What the task asks:
The reply should consist of the full listing, written out exactly.
=-=-=
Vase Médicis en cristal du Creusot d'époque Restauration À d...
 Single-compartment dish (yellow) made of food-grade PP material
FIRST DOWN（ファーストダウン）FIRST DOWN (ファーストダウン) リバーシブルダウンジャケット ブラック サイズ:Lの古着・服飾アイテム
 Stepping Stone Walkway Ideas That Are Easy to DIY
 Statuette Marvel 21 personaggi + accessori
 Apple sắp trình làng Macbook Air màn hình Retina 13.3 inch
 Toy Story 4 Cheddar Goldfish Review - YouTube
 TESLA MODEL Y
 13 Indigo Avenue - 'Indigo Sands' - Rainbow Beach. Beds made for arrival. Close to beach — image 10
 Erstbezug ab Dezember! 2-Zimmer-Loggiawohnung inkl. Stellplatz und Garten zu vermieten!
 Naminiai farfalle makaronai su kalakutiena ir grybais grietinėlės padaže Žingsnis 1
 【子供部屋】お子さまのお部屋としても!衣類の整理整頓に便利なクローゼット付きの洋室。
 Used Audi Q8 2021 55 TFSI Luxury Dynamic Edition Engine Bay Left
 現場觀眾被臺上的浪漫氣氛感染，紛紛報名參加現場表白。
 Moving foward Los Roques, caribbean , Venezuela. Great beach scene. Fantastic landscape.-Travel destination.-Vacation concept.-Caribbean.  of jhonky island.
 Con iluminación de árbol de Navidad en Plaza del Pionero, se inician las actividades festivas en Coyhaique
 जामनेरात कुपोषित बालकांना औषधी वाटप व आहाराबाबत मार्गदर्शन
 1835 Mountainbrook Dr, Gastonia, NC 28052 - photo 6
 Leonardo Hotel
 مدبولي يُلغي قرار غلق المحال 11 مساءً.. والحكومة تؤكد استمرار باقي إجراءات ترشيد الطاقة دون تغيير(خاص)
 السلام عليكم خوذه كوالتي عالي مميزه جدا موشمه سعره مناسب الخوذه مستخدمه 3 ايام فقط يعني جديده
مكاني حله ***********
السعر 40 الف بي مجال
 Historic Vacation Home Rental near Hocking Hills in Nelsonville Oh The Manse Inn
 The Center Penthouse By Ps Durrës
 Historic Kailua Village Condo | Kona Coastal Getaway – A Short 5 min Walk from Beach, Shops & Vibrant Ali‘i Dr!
=-=-=
Response area:
Vase Médicis en cristal du Creusot d'époque Restauration À d...
 Single-compartment dish (yellow) made of food-grade PP material
FIRST DOWN（ファーストダウン）FIRST DOWN (ファーストダウン) リバーシブルダウンジャケット ブラック サイズ:Lの古着・服飾アイテム
 Stepping Stone Walkway Ideas That Are Easy to DIY
 Statuette Marvel 21 personaggi + accessori
 Apple sắp trình làng Macbook Air màn hình Retina 13.3 inch
 Toy Story 4 Cheddar Goldfish Review - YouTube
 TESLA MODEL Y
 13 Indigo Avenue - 'Indigo Sands' - Rainbow Beach. Beds made for arrival. Close to beach — image 10
 Erstbezug ab Dezember! 2-Zimmer-Loggiawohnung inkl. Stellplatz und Garten zu vermieten!
 Naminiai farfalle makaronai su kalakutiena ir grybais grietinėlės padaže Žingsnis 1
 【子供部屋】お子さまのお部屋としても!衣類の整理整頓に便利なクローゼット付きの洋室。
 Used Audi Q8 2021 55 TFSI Luxury Dynamic Edition Engine Bay Left
 現場觀眾被臺上的浪漫氣氛感染，紛紛報名參加現場表白。
 Moving foward Los Roques, caribbean , Venezuela. Great beach scene. Fantastic landscape.-Travel destination.-Vacation concept.-Caribbean.  of jhonky island.
 Con iluminación de árbol de Navidad en Plaza del Pionero, se inician las actividades festivas en Coyhaique
 जामनेरात कुपोषित बालकांना औषधी वाटप व आहाराबाबत मार्गदर्शन
 1835 Mountainbrook Dr, Gastonia, NC 28052 - photo 6
 Leonardo Hotel
 مدبولي يُلغي قرار غلق المحال 11 مساءً.. والحكومة تؤكد استمرار باقي إجراءات ترشيد الطاقة دون تغيير(خاص)
 السلام عليكم خوذه كوالتي عالي مميزه جدا موشمه سعره مناسب الخوذه مستخدمه 3 ايام فقط يعني جديده
مكاني حله ***********
السعر 40 الف بي مجال
 Historic Vacation Home Rental near Hocking Hills in Nelsonville Oh The Manse Inn
 The Center Penthouse By Ps Durrës
 Historic Kailua Village Condo | Kona Coastal Getaway – A Short 5 min Walk from Beach, Shops & Vibrant Ali‘i Dr!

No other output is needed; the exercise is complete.